Provided records:
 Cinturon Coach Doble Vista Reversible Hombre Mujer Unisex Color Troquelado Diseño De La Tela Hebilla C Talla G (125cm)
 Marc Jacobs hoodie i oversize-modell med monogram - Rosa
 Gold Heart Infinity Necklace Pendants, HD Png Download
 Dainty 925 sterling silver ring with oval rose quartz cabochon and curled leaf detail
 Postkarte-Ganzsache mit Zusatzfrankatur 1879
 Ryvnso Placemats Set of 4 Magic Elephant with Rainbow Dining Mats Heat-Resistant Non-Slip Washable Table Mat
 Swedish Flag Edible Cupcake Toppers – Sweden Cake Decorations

==

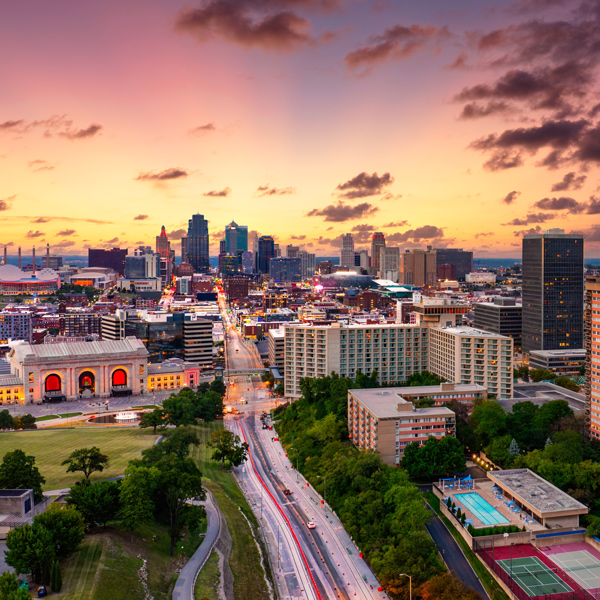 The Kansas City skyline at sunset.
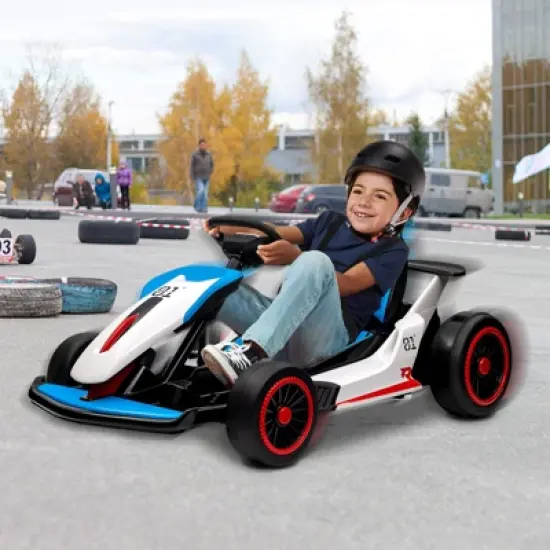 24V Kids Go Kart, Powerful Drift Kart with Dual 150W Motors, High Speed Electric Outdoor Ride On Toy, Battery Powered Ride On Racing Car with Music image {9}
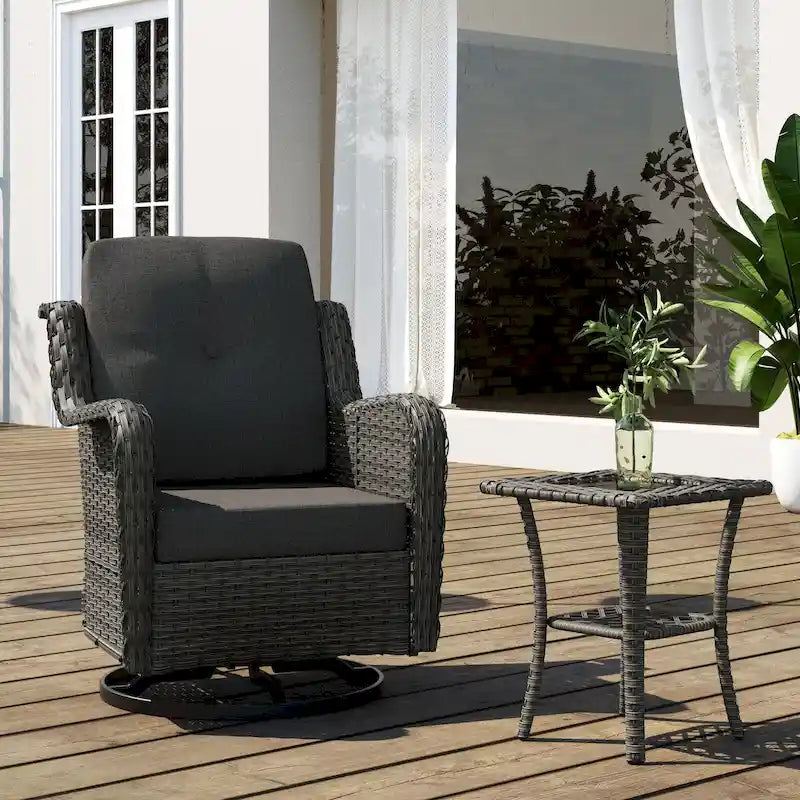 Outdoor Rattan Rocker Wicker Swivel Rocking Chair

Assignment:
Retype only the lines above between the line with "Postkarte-Ganzsache mit Zusatzfrankatur 1879" and the line with "Swedish Flag Edible", counting those two lines as well, and keep every character as it is.

Solution to the exercise:
 Postkarte-Ganzsache mit Zusatzfrankatur 1879
 Ryvnso Placemats Set of 4 Magic Elephant with Rainbow Dining Mats Heat-Resistant Non-Slip Washable Table Mat
 Swedish Flag Edible Cupcake Toppers – Sweden Cake Decorations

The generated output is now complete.